Board Foot Calculator for Lumber: What Is a Board Foot?

A board foot is a volume unit — 12 inches × 12 inches × 1 inch. Once you understand that, pricing lumber and estimating projects gets a lot simpler.

What Is a Board Foot?

A board foot (BF or FBM) is a unit of lumber volume equal to 144 cubic inches — the equivalent of a piece 12 inches wide, 12 inches long, and 1 inch thick.

Board feet are the standard unit for pricing hardwood lumber. Softwood (framing lumber) is typically sold by the linear foot or piece, but hardwood — oak, walnut, maple — is priced per board foot.

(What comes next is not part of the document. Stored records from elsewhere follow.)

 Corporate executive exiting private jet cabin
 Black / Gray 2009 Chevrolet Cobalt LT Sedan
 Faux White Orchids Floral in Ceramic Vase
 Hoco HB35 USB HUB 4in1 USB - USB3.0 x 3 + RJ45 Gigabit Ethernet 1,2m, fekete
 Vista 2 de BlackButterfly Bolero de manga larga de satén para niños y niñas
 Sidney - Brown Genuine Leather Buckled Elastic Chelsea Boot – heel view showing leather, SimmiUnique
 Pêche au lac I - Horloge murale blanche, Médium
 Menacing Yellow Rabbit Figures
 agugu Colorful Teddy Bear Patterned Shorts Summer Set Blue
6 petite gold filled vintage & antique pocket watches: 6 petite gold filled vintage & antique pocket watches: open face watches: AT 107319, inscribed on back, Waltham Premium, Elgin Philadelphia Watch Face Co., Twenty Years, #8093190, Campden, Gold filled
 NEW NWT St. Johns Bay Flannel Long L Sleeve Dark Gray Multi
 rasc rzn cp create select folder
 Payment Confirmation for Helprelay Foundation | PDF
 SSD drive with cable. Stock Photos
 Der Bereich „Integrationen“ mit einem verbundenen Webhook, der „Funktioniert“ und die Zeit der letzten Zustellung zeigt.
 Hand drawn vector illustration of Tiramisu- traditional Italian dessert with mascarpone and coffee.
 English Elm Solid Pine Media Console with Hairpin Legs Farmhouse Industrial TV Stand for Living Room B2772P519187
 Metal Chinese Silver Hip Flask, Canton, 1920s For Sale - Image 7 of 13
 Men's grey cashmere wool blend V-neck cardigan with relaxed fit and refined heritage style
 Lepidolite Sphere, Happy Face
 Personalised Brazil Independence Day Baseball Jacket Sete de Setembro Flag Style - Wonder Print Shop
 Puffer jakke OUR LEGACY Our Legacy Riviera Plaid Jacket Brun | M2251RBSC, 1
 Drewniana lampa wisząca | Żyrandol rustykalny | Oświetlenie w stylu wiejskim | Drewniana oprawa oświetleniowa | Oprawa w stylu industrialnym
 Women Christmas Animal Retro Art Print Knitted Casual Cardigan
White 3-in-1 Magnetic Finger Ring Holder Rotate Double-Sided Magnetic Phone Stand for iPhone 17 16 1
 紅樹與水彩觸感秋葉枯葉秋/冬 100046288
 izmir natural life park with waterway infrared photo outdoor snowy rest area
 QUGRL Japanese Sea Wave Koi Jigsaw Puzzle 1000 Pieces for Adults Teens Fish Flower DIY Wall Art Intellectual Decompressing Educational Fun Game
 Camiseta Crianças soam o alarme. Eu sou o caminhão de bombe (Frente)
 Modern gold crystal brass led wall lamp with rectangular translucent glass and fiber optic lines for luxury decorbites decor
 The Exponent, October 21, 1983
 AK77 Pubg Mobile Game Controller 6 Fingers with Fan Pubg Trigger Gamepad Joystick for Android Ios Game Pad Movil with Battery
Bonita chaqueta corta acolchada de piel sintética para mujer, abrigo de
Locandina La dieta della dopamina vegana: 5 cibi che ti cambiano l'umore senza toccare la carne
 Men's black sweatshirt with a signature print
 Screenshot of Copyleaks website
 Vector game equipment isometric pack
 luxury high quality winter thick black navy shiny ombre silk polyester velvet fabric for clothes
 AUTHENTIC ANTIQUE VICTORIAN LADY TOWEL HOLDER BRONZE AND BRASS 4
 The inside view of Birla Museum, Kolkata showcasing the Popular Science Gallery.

One board foot of 4/4 (one-inch thick) oak measures 12×12 inches. The same volume in 8/4 (two-inch) stock is 6×12 inches. Thickness in hardwood is described in quarters of an inch.

The Board Foot Formula

Board feet = (thickness in inches × width in inches × length in inches) ÷ 144. Or if length is in feet: (thickness × width × length in feet) ÷ 12.

Example: a board 1 inch thick, 8 inches wide, and 10 feet long = (1 × 8 × 10) ÷ 12 = 6.67 board feet.

A 2-inch thick board 6 inches wide and 8 feet long = (2 × 6 × 8) ÷ 12 = 8 board feet. The formula is the same regardless of dimensions — just plug in and divide.

Rough vs. Surfaced Lumber

Hardwood is sold rough (rough-sawn, as it came off the mill) or surfaced (planed to a smooth face). Rough lumber is measured at its rough thickness; surfaced lumber is measured at its rough thickness even though the planed thickness is smaller.

A 4/4 board is one inch rough. After surfacing to S2S (surfaced two sides), it typically measures 13/16 inch. You pay for the rough dimension, not the finished one.

Always calculate board feet using the rough dimensions listed on the tag or invoice. Using the finished dimensions will undercount your material and undercharge for your project.

Using Board Feet to Estimate a Project

For a table, cabinet, or wood project, list every part with its rough dimensions, calculate board feet for each, add them up, and add 20% for waste (rough lumber has defects you'll cut around).

A simple dining table top that's 36×84 inches at 1.5 inches finished (call it 2-inch rough stock): 2 × 36 × 84 ÷ 144 = 42 board feet rough. Add 20% waste: order 51 board feet.

Our board foot calculator lets you enter multiple pieces and get a total instantly — useful when pricing a project or comparing quotes from different lumber yards.

Board Foot Pricing

Common hardwood prices per board foot: poplar $3–5, red oak $5–8, hard maple $6–9, cherry $8–12, walnut $10–16. Figured or specialty woods go much higher.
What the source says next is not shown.